Hello everyone.
We are moving on through Luke 20. Today, we will examine verses 27-40, where Jesus' detractors have run out of ways to trap and in their final last gasp start reaching for the absurd. He is my translation:
27 Some of those who were Sadducees came to him. (They claim that there is no resurrection.) They asked him, 28 “Teacher, Moses wrote for us, ‘If a married man dies, without children, then the man’s brother is to take the wife and raise up offspring for him.’ 29 So, there were seven brothers. The first one took a wife, but then died without children. 30 The thing happened with the second brother, 31 and then the third brother took her as his wife. Eventually, all seven brothers married her, but died without leaving any offspring. 32 Then finally, the wife died. 33 When the resurrection comes, whose wife will she be, since all seven brothers were married to her?

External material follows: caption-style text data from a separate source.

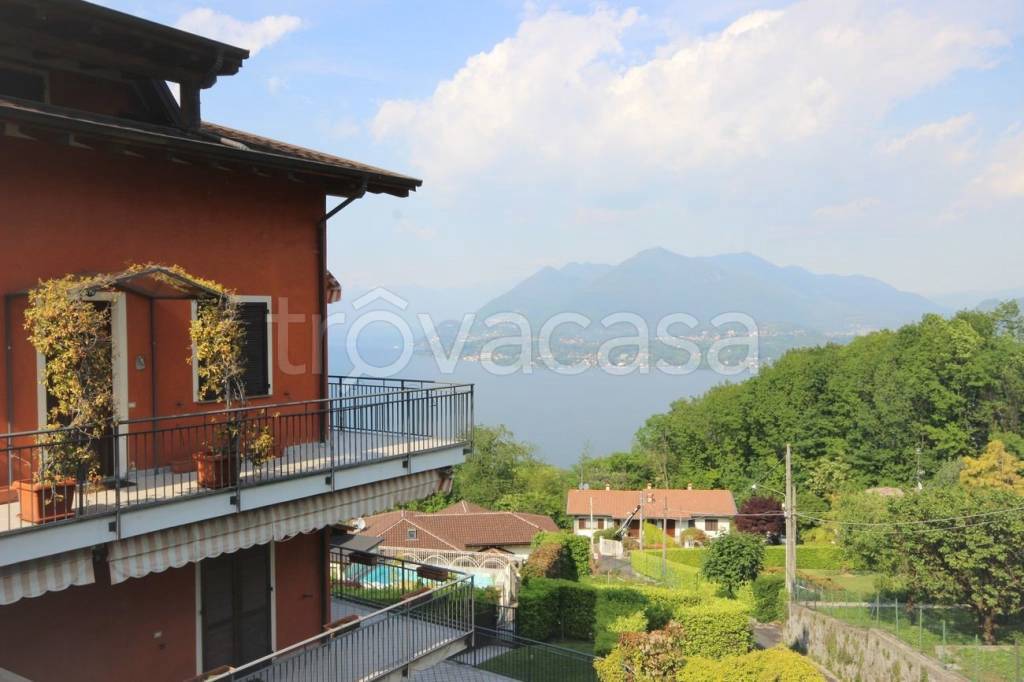 appartamento in vendita a Stresa in zona Magognino
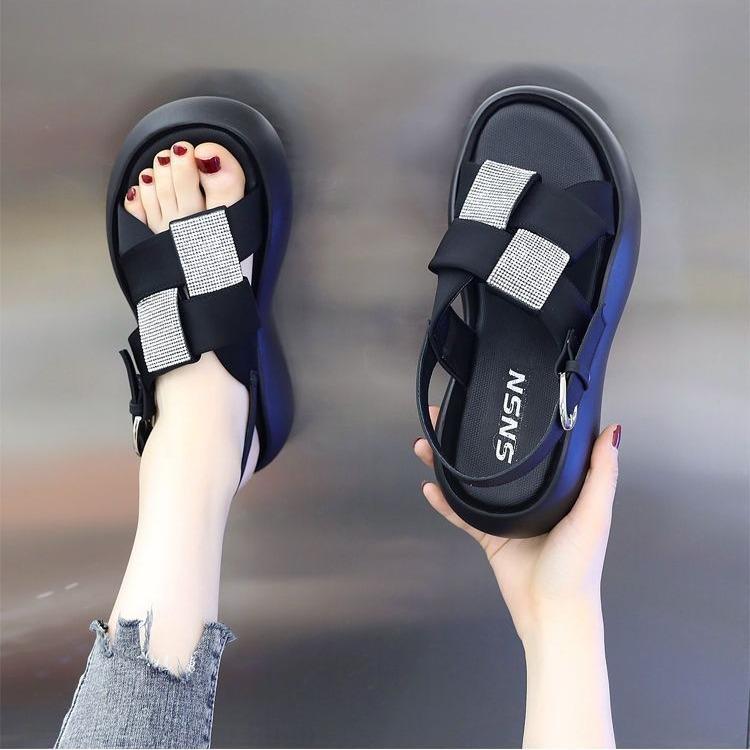 Sandały damskie na grubej platformie, damskie na płaskiej podeszwie, lato 2025 nowe, z odkrytymi palcami, podwyższające, eksplozja noszenia, buty rzymskie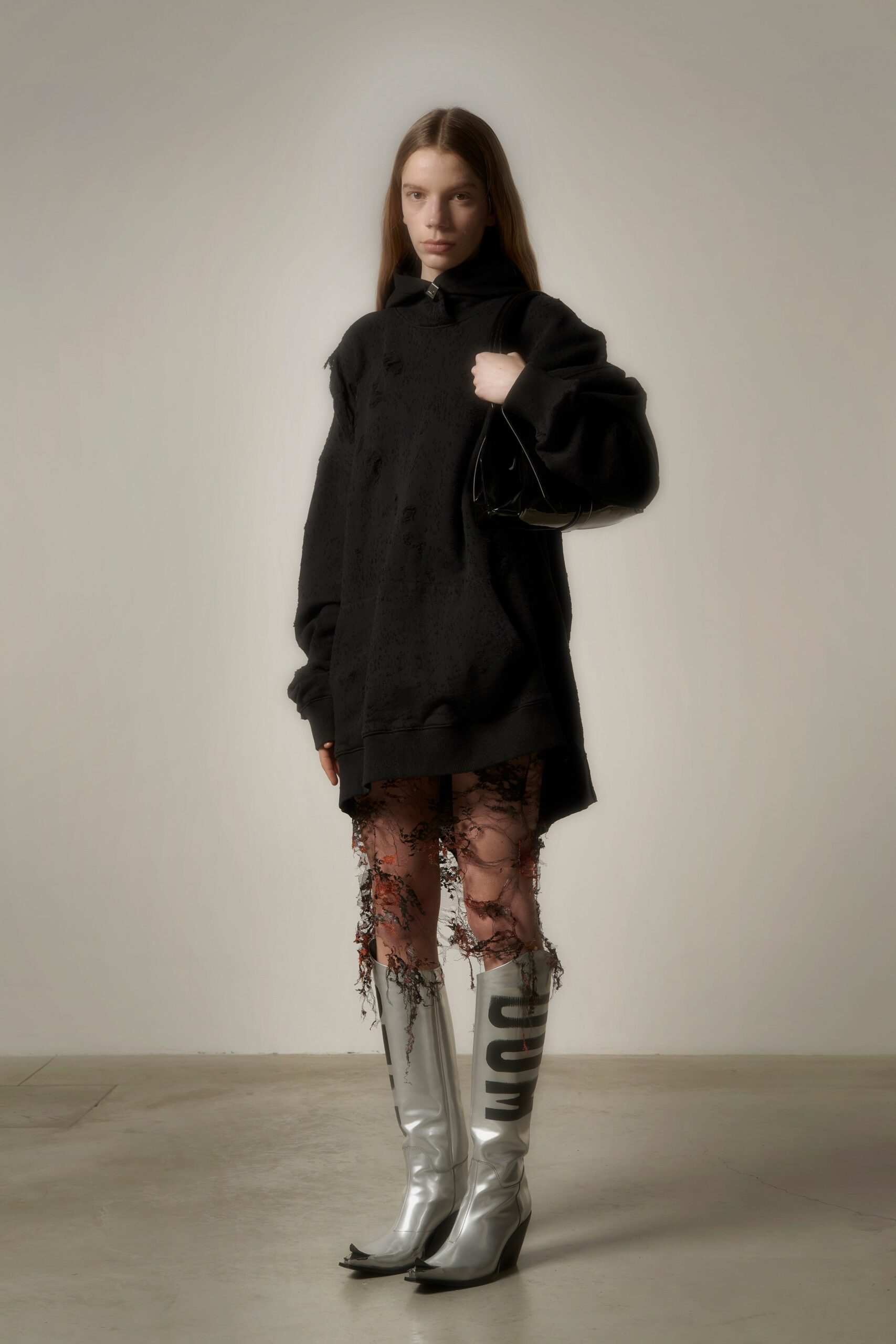 black cotton long-sleeve collared oversized layered short hoodie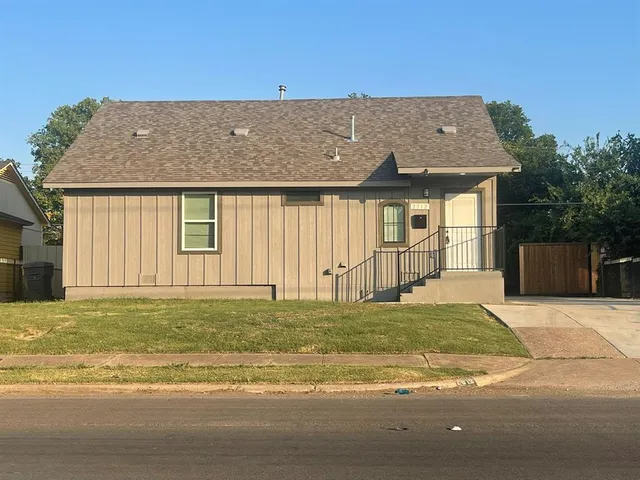 $284,900 | 2512 East Overton Road, Dallas, TX 75216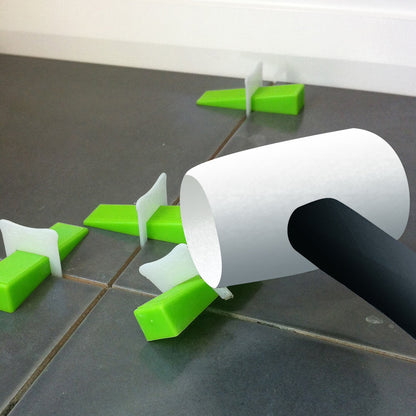 LevTec Shower Tile Leveling System – Basic Kit with 250 Clips & 250 Wedges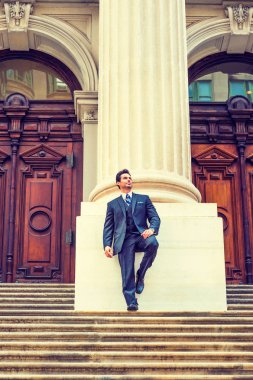 Başarılı orta yaş seyahat, iş işadamı portresi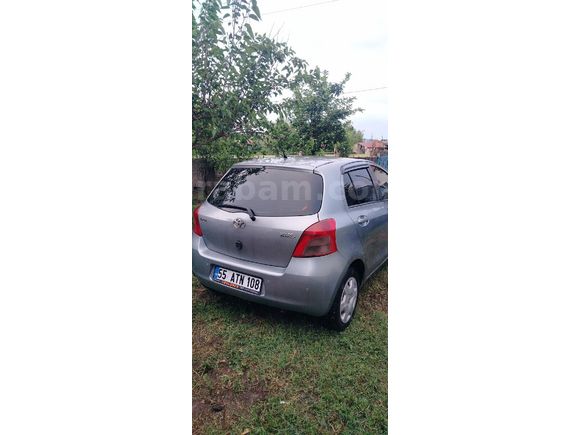 Sahibinden Toyota Yaris 1.3 Blue 2007 Model  260.000 km Diğer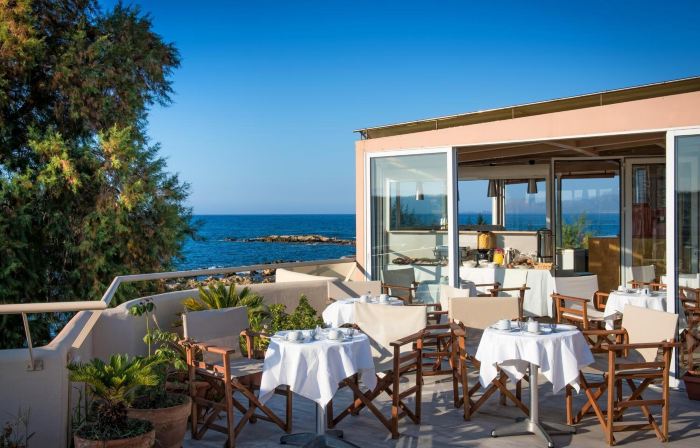 Seafalios-Beach Front Apt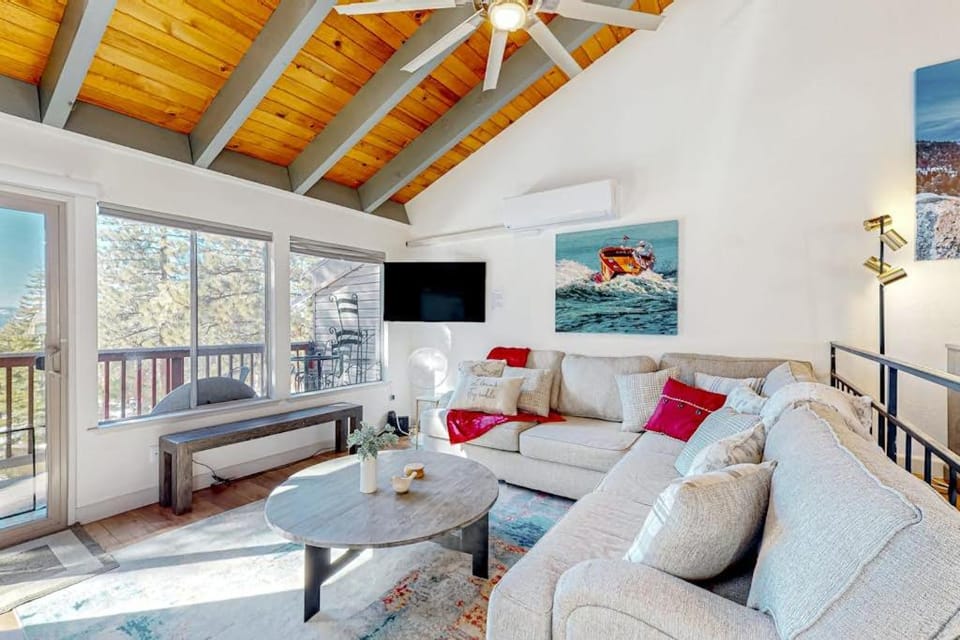 Condo near Lake Tahoe with pool hot tub grill & wood fireplace - sleeps 6 House in Round Hill Village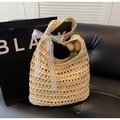 Détail du sac à bandoulière en paille crochetée avec nœud en dentelle blanche sur cuir noir - Beige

34 Jesus responded to them, “The children of this age marry and are given in marriage, 35 but those who are considered worthy to take part in that age and be raised from the dead, will neither marry nor be given in marriage. 36 Those who experience that age will no longer die, but will be like the angels. They are children of God, since they are children of the resurrection. 37 The dead rise. Moses illustrates this, when the bush declares that the Lord is ‘the God of Abraham, and the God of Isaac and the God of Jacob.’ 38 He is not the God of the dead, but of the living, because to Him, all are alive.”
39 Some among the experts of the law responded, “Well said, Teacher!” 40 After that, no one dared to ask him any more questions.
The Sadducees are next attempt to entrap Jesus. They lay out a “what if” trap that is, in reality, just silly. Jesus’ response to their question is awesome.
Their question involved the levirate marriage talked about in the Old Testament, where if a man dies without offspring, his brother will take his wife and produce offspring for the brother. (Deut. 25:5-10) In the Sadducees ‘what if’ story, the widow has been married to seven brothers, and they question Jesus as to which of these brothers she would be married to in the afterlife.
Now, since the Sadducees do not believe in an afterlife, they really thought that they had stumped Jesus. They had asked him a question for which there is no good answer. However, their question carries an absurdity to it that really makes it pointless, like the question, “If God is all-powerful, can He make a rock so heavy that even He can’t lift it?” It's stupid and irrational.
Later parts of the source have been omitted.